## PROBLEM REQUIREMENTS
Please repeat the data below exactly, with the pictures removed.
============
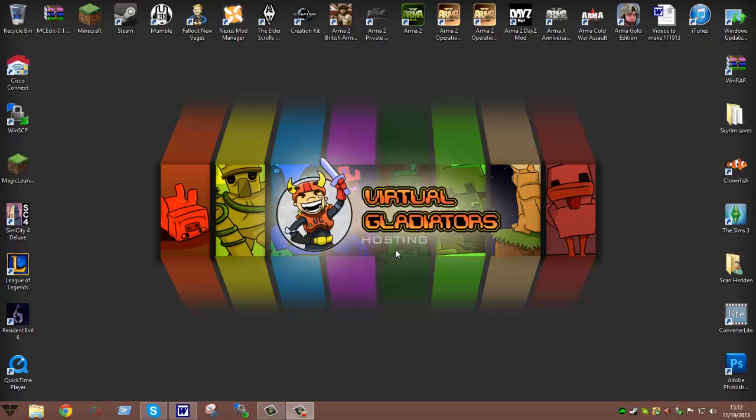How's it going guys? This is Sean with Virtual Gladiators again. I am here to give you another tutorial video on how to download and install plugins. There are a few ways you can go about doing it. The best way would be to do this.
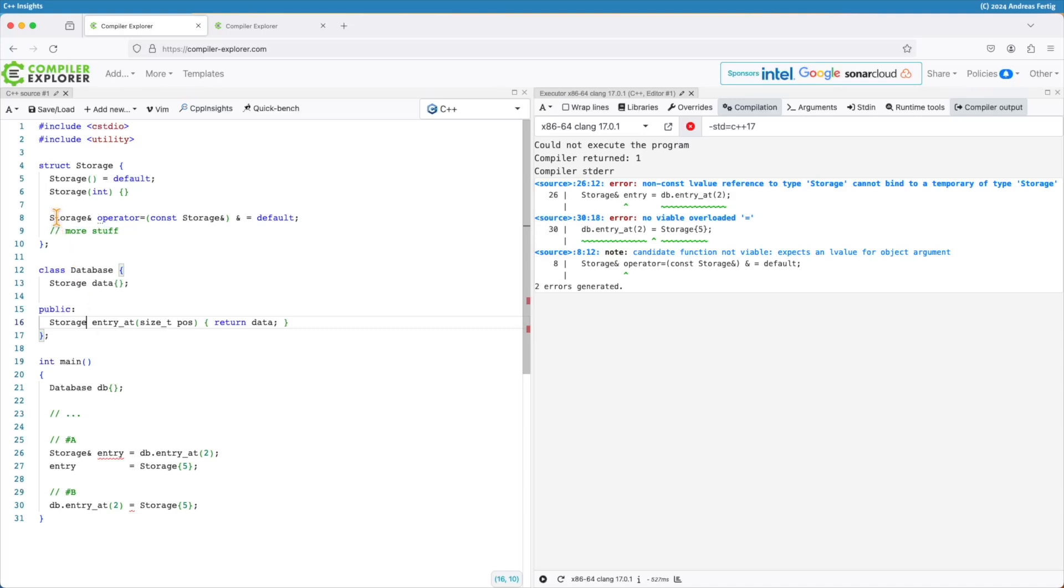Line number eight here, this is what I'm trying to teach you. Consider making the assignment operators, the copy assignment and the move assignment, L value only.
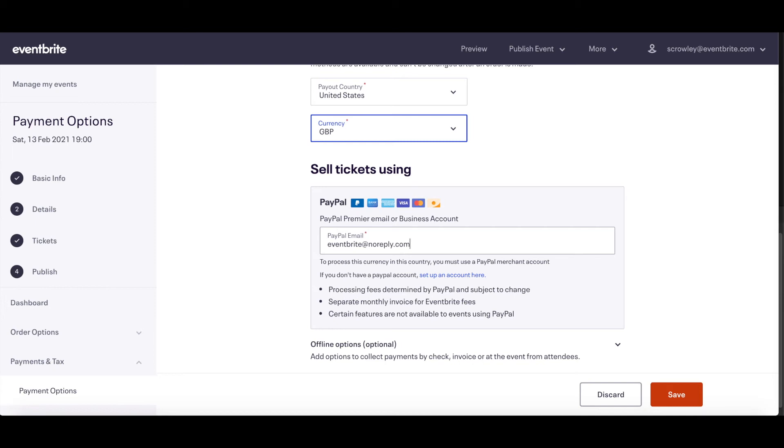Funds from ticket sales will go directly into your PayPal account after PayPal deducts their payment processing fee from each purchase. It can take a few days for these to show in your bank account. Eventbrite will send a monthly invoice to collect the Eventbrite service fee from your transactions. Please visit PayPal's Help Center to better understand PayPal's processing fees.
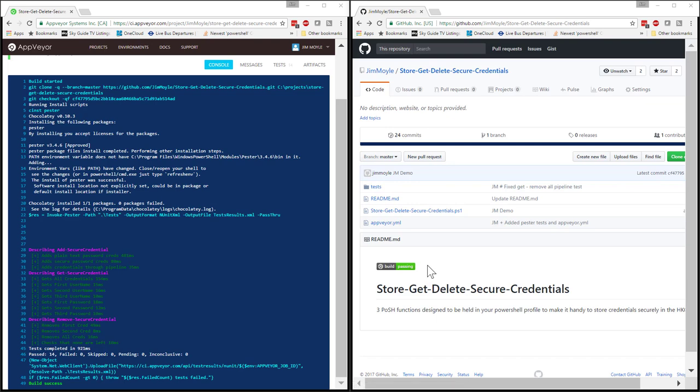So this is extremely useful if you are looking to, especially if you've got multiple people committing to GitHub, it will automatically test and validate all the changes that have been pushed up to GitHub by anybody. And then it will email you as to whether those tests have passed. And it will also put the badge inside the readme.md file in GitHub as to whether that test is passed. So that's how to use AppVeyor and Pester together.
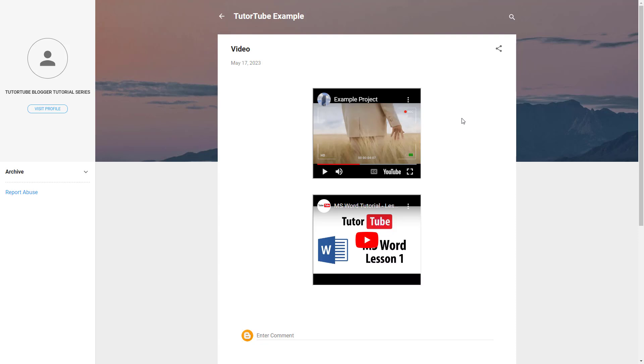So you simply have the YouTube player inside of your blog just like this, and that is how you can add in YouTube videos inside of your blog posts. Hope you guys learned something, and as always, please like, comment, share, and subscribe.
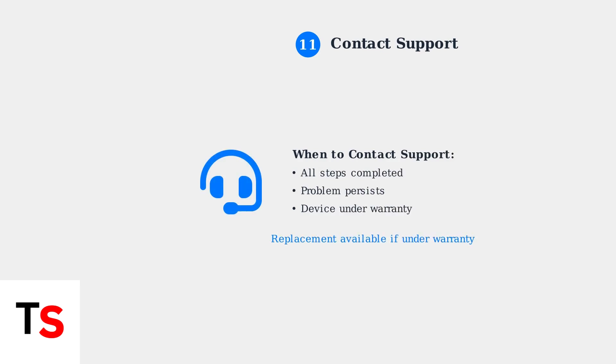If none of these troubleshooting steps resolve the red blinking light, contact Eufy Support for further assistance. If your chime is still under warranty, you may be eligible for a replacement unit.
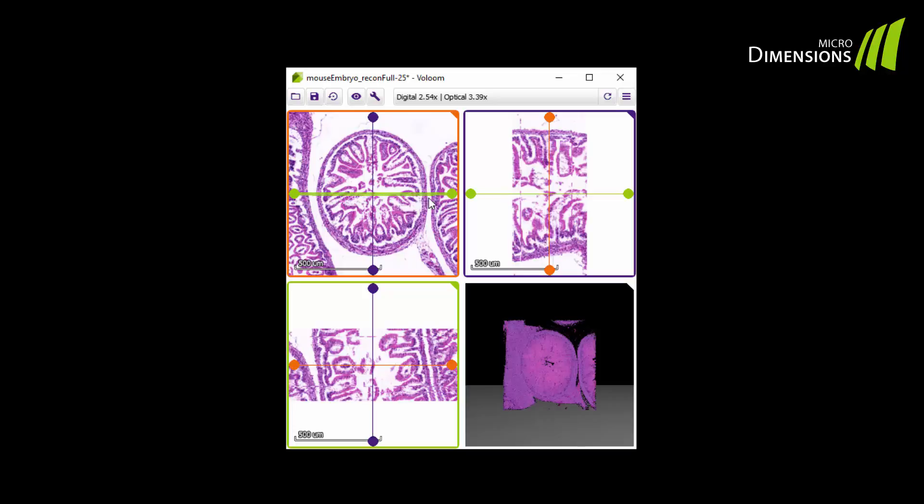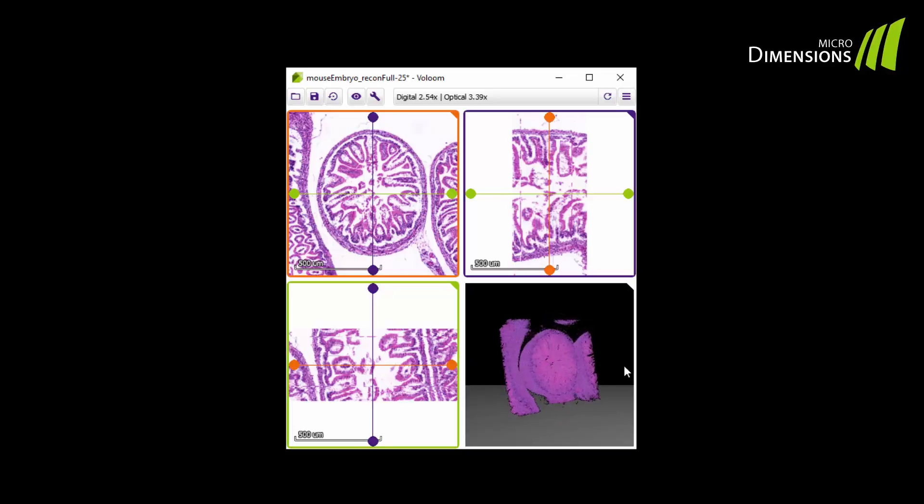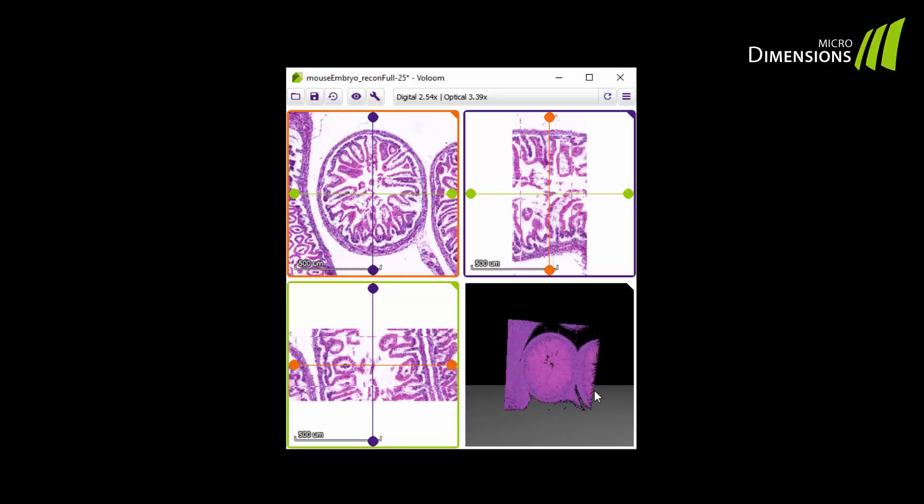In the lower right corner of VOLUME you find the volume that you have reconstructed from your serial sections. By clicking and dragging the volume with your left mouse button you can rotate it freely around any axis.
============
## SOLVED EXERCISE
How's it going guys? This is Sean with Virtual Gladiators again. I am here to give you another tutorial video on how to download and install plugins. There are a few ways you can go about doing it. The best way would be to do this.
Line number eight here, this is what I'm trying to teach you. Consider making the assignment operators, the copy assignment and the move assignment, L value only.
Funds from ticket sales will go directly into your PayPal account after PayPal deducts their payment processing fee from each purchase. It can take a few days for these to show in your bank account. Eventbrite will send a monthly invoice to collect the Eventbrite service fee from your transactions. Please visit PayPal's Help Center to better understand PayPal's processing fees.
So this is extremely useful if you are looking to, especially if you've got multiple people committing to GitHub, it will automatically test and validate all the changes that have been pushed up to GitHub by anybody. And then it will email you as to whether those tests have passed. And it will also put the badge inside the readme.md file in GitHub as to whether that test is passed. So that's how to use AppVeyor and Pester together.
So you simply have the YouTube player inside of your blog just like this, and that is how you can add in YouTube videos inside of your blog posts. Hope you guys learned something, and as always, please like, comment, share, and subscribe.
If none of these troubleshooting steps resolve the red blinking light, contact Eufy Support for further assistance. If your chime is still under warranty, you may be eligible for a replacement unit.
In the lower right corner of VOLUME you find the volume that you have reconstructed from your serial sections. By clicking and dragging the volume with your left mouse button you can rotate it freely around any axis.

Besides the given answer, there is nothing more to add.